- Cedar City, UT, 84721 Iron County, Utah United States

Information
- School type: Private youth behavioral modification program
- Established: May 2002
- Founder: Max AhQuin, Sunny AhQuin, Adam Ah Quin, Clayton AhQuin Sr.
- Status: Closed
- Closed: 2004
- Director: Adam AhQuin
- Grades: 7-12
- Gender: All-Boys
- Capacity: 11

= Maximum Life Skills Academy =

Defunct therapeutic boarding school in Utah, United States

Maximum Life Skills Academy was a privately owned behavioral youth modification center in Cedar City, Utah. The facility operated for approximately two years before shutting down following the murder of a staff member by two youths in the program.

==History==
The Maximum Life Skills Academy was licensed in May 2002 as a privately owned youth behavioral modification program and was part of the troubled teen industry. The program could accommodate roughly 11 male students aged 11–17 prior to its closure. It was founded by Adam Ah Quin, Max Ah Quin, and Sunny Ah Quin, who were listed as directors and officers, with Sunny also serving as secretary. Clayton AhQuin Sr., who also founded Liahona Academy, was named as a potential owner and founder of Maximum Life Skills Academy. Adam AhQuin later founded the all-female troubled teen program Second Chances In Southern Utah.

As a direct result of Arnett's death, Maximum Life Skills Academy's license was revoked in May 2004, citing 22 violations, including inadequate staffing, failure to obtain criminal background checks, and violating National Interstate Compact Laws. OSHA issued the academy a $1,500 citation for the fatal incident on July 1, 2004.

The AhQuins initially planned to appeal the closure of Maximum Life Skills Academy but withdrew the appeal, as it was revealed that they instead intended to apply for another program license to found a new troubled teen program in a different location in Cedar City, Ut. State documents from September 2004 verified that the AhQuins were listed as named parties in founding this other troubled teen facility, the program was designated to be named "A+ Academy." The program's president at the time, Scott Smith, claimed he intended to remove all the AhQuins with the exception of Sunny AhQuin from the proposed A+ Academy program employee roster.

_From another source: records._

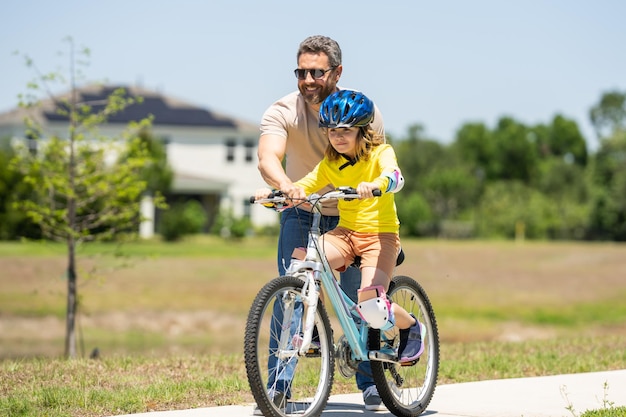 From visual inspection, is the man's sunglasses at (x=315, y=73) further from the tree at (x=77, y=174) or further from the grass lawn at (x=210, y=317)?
the tree at (x=77, y=174)

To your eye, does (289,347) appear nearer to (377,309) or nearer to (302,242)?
(377,309)

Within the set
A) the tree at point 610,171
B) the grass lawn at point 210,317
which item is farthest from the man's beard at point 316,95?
the tree at point 610,171

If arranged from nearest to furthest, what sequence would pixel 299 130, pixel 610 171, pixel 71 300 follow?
pixel 299 130
pixel 71 300
pixel 610 171

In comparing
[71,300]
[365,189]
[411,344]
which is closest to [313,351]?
[411,344]

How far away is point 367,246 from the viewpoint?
662cm

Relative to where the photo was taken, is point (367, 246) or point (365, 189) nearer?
point (365, 189)

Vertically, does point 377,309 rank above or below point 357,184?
below

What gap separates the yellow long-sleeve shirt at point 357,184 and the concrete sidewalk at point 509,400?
1.18 m

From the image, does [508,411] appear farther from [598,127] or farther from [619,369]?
[598,127]

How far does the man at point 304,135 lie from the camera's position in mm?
6965

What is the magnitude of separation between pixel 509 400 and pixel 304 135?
223 centimetres

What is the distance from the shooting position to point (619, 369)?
31.3 ft

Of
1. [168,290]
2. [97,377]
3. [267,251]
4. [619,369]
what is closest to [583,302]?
[168,290]

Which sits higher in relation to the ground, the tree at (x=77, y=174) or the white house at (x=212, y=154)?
the tree at (x=77, y=174) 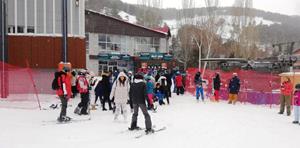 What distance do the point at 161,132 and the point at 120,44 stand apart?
46014 millimetres

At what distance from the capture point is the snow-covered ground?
9547mm

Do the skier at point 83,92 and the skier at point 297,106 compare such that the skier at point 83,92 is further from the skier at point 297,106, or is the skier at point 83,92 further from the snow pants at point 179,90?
the snow pants at point 179,90

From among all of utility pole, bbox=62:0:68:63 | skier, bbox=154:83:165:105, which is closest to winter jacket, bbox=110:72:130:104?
skier, bbox=154:83:165:105

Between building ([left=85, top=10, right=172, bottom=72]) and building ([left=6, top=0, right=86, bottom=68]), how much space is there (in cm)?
2777

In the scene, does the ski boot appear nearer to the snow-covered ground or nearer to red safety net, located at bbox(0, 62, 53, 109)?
the snow-covered ground

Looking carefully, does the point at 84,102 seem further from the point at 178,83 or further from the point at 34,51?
the point at 178,83

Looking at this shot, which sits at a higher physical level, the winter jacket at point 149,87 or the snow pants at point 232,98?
the winter jacket at point 149,87

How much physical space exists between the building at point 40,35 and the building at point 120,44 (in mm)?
27772

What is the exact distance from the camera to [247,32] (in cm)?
6078

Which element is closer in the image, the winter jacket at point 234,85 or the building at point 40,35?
the winter jacket at point 234,85

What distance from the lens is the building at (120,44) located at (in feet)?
177

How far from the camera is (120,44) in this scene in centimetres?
5644

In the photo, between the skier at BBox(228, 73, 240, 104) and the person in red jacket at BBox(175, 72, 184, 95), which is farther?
the person in red jacket at BBox(175, 72, 184, 95)

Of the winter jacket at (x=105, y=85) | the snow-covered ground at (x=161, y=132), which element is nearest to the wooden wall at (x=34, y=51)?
the winter jacket at (x=105, y=85) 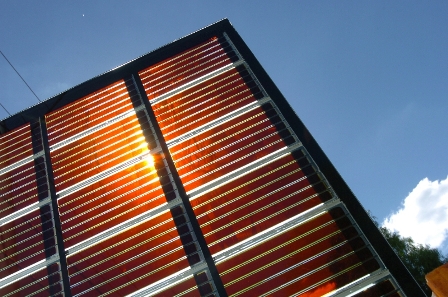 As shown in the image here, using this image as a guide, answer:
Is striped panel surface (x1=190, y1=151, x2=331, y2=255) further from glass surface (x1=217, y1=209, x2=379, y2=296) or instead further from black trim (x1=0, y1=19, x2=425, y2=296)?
glass surface (x1=217, y1=209, x2=379, y2=296)

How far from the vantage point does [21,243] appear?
26.1 feet

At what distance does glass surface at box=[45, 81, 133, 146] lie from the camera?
381 inches

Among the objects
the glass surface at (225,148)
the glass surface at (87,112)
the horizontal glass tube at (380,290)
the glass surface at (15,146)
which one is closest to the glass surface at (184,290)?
the glass surface at (225,148)

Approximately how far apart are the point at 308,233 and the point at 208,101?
4507 mm

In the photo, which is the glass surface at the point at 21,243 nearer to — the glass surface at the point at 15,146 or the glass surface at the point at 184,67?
the glass surface at the point at 15,146

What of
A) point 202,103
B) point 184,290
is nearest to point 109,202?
point 184,290

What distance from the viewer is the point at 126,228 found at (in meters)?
7.31

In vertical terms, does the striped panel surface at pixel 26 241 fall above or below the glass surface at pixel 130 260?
above

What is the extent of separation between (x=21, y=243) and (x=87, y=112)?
4.15 meters

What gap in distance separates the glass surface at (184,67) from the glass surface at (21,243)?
4579mm

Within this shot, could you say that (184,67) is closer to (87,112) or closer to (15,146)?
(87,112)

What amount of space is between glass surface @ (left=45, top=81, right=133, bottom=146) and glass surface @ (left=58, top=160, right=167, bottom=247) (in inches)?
89.8

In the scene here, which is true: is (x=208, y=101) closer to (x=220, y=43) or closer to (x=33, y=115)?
(x=220, y=43)

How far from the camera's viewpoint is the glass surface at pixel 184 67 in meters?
9.66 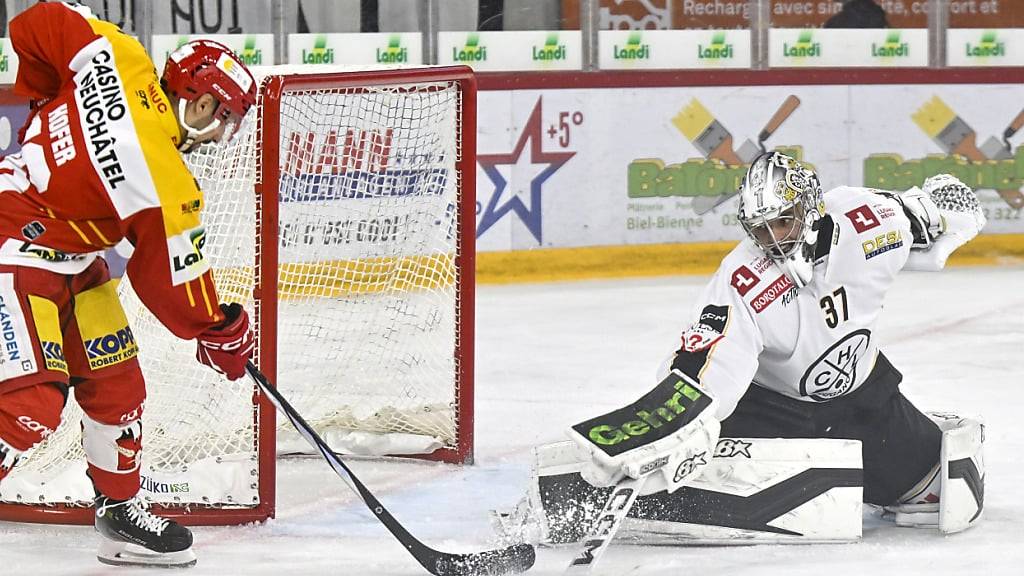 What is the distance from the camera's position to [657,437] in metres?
3.20

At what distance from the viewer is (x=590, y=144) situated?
7488 mm

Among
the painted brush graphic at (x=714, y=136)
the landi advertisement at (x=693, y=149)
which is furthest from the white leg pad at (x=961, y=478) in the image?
the painted brush graphic at (x=714, y=136)

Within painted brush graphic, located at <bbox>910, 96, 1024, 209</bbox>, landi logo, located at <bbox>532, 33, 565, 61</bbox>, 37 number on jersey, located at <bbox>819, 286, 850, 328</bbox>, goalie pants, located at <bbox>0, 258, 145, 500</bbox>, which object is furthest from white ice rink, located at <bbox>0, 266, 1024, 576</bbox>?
landi logo, located at <bbox>532, 33, 565, 61</bbox>

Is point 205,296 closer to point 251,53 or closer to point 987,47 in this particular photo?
point 251,53

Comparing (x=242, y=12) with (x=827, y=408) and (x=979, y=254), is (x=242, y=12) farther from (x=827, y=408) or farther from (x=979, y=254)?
(x=827, y=408)

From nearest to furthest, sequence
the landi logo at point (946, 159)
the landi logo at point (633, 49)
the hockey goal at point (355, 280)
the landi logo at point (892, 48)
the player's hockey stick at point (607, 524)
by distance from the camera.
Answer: the player's hockey stick at point (607, 524) < the hockey goal at point (355, 280) < the landi logo at point (633, 49) < the landi logo at point (946, 159) < the landi logo at point (892, 48)

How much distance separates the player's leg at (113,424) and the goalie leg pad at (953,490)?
1559mm

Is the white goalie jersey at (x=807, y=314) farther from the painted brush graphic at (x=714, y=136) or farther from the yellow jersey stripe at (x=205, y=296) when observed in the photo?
the painted brush graphic at (x=714, y=136)

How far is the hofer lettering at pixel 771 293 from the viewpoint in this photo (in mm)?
3469

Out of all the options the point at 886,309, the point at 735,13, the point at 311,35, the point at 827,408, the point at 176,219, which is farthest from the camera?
the point at 735,13

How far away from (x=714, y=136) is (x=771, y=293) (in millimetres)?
4284

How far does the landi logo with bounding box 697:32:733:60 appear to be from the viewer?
25.6 feet

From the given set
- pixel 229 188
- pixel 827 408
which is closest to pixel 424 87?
pixel 229 188

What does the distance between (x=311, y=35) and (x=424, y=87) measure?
9.73ft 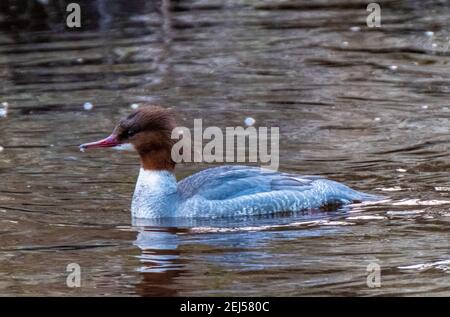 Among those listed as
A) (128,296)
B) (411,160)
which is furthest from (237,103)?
(128,296)

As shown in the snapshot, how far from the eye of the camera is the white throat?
34.3 ft

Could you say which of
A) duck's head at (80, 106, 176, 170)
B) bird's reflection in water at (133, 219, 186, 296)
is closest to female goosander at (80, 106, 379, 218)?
duck's head at (80, 106, 176, 170)

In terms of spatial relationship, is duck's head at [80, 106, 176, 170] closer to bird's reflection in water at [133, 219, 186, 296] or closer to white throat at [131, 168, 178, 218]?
white throat at [131, 168, 178, 218]

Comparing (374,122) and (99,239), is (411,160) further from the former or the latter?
(99,239)

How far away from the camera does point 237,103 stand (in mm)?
14609

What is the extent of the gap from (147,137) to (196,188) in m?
0.66

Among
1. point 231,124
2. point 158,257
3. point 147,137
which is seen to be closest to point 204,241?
point 158,257

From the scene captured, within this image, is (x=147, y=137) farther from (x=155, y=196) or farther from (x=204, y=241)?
(x=204, y=241)

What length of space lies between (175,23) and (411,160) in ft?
27.0

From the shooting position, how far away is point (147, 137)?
10.5 meters

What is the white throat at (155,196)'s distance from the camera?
34.3ft

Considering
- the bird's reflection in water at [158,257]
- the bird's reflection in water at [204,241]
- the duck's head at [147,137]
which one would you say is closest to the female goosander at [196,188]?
the duck's head at [147,137]

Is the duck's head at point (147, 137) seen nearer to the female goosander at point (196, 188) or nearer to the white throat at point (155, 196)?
the female goosander at point (196, 188)

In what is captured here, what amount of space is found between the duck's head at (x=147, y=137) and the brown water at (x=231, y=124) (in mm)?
604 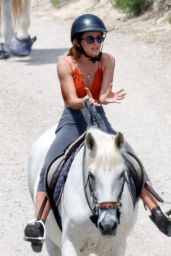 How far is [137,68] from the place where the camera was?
14.8 meters

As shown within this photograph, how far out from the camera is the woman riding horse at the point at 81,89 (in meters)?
6.01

==Murder of Anson Arnett==
On March 8, 2004, 31-year-old staff member Anson Arnett, who was alone with six program attendees, was ambushed and beaten with an aluminum baseball bat by two 17-year-old attendees, Jesse Simmons from Delaware and Sean Graham from Baltimore. After sustaining at least two traumatic blows to the head, Arnett was locked upside-down in a nearby closet by Graham, who then cut the building's phone line. The duo stole a program van, a television, and a lockbox containing prescription medications and then fled to Las Vegas, Nevada. The four other boys in the program ran to the director’s home some distance away, but when he was not there, they rushed to the home of another staff member. By the time help arrived at approximately 11:30 p.m., medical attention for Arnett had been delayed by 1.5 hours. He was rushed to a Cedar City hospital and then flown to Salt Lake City’s LDS Hospital, where he died the following day from his injuries.

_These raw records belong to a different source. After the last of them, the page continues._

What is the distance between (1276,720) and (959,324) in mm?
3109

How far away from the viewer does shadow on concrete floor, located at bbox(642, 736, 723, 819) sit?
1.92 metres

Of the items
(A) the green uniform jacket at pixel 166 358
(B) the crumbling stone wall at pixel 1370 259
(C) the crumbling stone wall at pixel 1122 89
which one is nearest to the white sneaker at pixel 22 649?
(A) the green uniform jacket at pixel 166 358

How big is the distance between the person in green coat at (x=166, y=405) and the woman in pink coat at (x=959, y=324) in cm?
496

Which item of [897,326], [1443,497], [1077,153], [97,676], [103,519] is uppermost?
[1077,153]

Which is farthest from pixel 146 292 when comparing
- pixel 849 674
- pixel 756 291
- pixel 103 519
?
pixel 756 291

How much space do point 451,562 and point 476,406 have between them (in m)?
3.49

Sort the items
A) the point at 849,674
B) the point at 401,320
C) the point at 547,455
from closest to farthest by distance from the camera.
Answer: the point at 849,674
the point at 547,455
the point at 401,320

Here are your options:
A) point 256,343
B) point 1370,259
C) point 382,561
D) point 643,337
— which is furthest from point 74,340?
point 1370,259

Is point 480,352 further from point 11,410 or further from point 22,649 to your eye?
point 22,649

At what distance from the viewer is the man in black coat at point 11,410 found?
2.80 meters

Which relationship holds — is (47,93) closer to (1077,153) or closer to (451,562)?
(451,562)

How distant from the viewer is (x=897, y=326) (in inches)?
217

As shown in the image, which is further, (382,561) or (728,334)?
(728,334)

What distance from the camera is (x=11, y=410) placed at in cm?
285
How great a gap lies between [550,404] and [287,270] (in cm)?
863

Both Simmons and Graham were later caught by Las Vegas authorities, extradited back to Utah, and charged in Cedar City's 5th District Court as adults under Utah law, which mandates adult trials for individuals over 16 who commit aggravated murder. Simmons pleaded guilty to first-degree felony murder and was sentenced to five years to life in prison, while Graham was convicted of murder, aggravated kidnapping, and theft, receiving a sentence of 15 years to life. Simmons was released on parole in September 2022.